Thu Mar 9 23:33:55 2000
memxr15: Data error in memory:
VIRTUAL BYTE = 405fc953 GOOD = 55 BAD = 5d

Though curiously the times of the messages do not correlate with each other.

Hmmm... looks like a memory problem still(?). By then, Friday (5 days later)
Compaq had got the real replacement SIMMS and fitted them. The machine
booted ok so I just left it running. It has crashed every day since,
at 01:06, 02:18 and 01:05. Only thing that runs around then is
'/usr/sbin/defragcron -p' and that seems to run ok if I force it to
run now. The machine isn't used for interactive access and has very
few accounts.

Using dia I found the following error:

Logging OS 2. Digital UNIX
System Architecture 2. Alpha
Event sequence number 2.
Timestamp of occurrence 13-MAR-2000 01:03:19
Host name xxxx

System type register x0000001B AlphaServer 800 or 1000A
Number of CPUs (mpnum) x00000001
CPU logging event (mperr) x00000000

Event validity 1. O/S claims event is valid
Event severity 1. Severe Priority
Entry type 302. ASCII Panic Message Type

SWI Minor class 9. ASCII Message
SWI Minor sub class 1. Panic

ASCII Message panic (cpu 0): rbf_pin_record: end offset
                                     beyond page
                                      N1 = 23148

Which looks to me like a problem with paging(?) which to me still
sounds like a memory problem, I haven't tried memx again.

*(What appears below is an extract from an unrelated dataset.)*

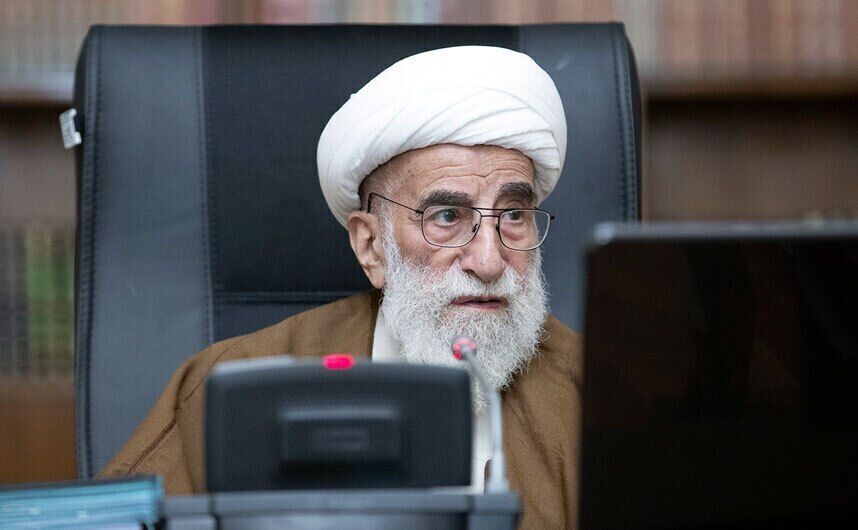 آیت‌الله جنتی: ادعای دلسوزی آمریکا و رژیم صهیونیستی ریاکارانه است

There's some crashdumps too, but I haven't tried to do anything with
them yet - not something I've delved into before.

So, it's looking like another call to Compaq - great! We've got an
AS2000 here that's entering it's third week of downtime because the
local Compaq guys don't know what's wrong with it and it's taking them
about a week a time to get boards from Australia (there are flights
here every day). That's a fun problem - console says the memory board
has failed but it will boot from a CD. SIMMS and memory board have
been replaced but still no dice - but Hey, it's a VMS box :-)

To round off for now, here is my initial query and the responses I
received:

8<---- original -----

We have an AS1000A which was shutdown cleanly before a mains power outage.
When it was booted, early on in the 'blue screen' initialization stuff
(ie before it had started to boot) it started scrolling error messages up
the screen pointing out a memory problem. Compaq came out and have
temporarily removed the SIMMS in the duff bank, leaving 128MB in slot0.

Now the machine starts to boot, configures the SWXCR, fsck's the root
partition, starts LSM, reports it has initialsed lsm0 and lsm1 then the
screen flashes and a message like:

DUMP:

followed by a bunch of numbers appears, followed by another couple of
lines that are difficult to catch before it starts to reboot.

Compaq are going to see if they have memory in stock, if not it could take
a while to get it shipped from Australia. In the meantime I'm trying to
determine if the inability to boot with 128MB is still hardware or if it's
software (ie needs restored) - Should I expect an AS1000A with a SWXCR and
LSM to boot with 128MB RAM? Any tests I can do? I don't really want to
start restoring if it isn't going to work anyway due to memory issues.

Any comments etc welcome,

8<---- responses -----

From: Knut Hellebų <Knut.Hellebo_at_nho.hydro.com>

Can you boot single user ? If this is possible try editing /etc/fstab
commenting out all file systems but root/usr/var/tmp if it is not clear
that the errors is not coming from some kind of filesystem corruption.
Then you could try mount one by one of the other filesystems until you
possibly encounter the booterror situation again. Good Luck ;-)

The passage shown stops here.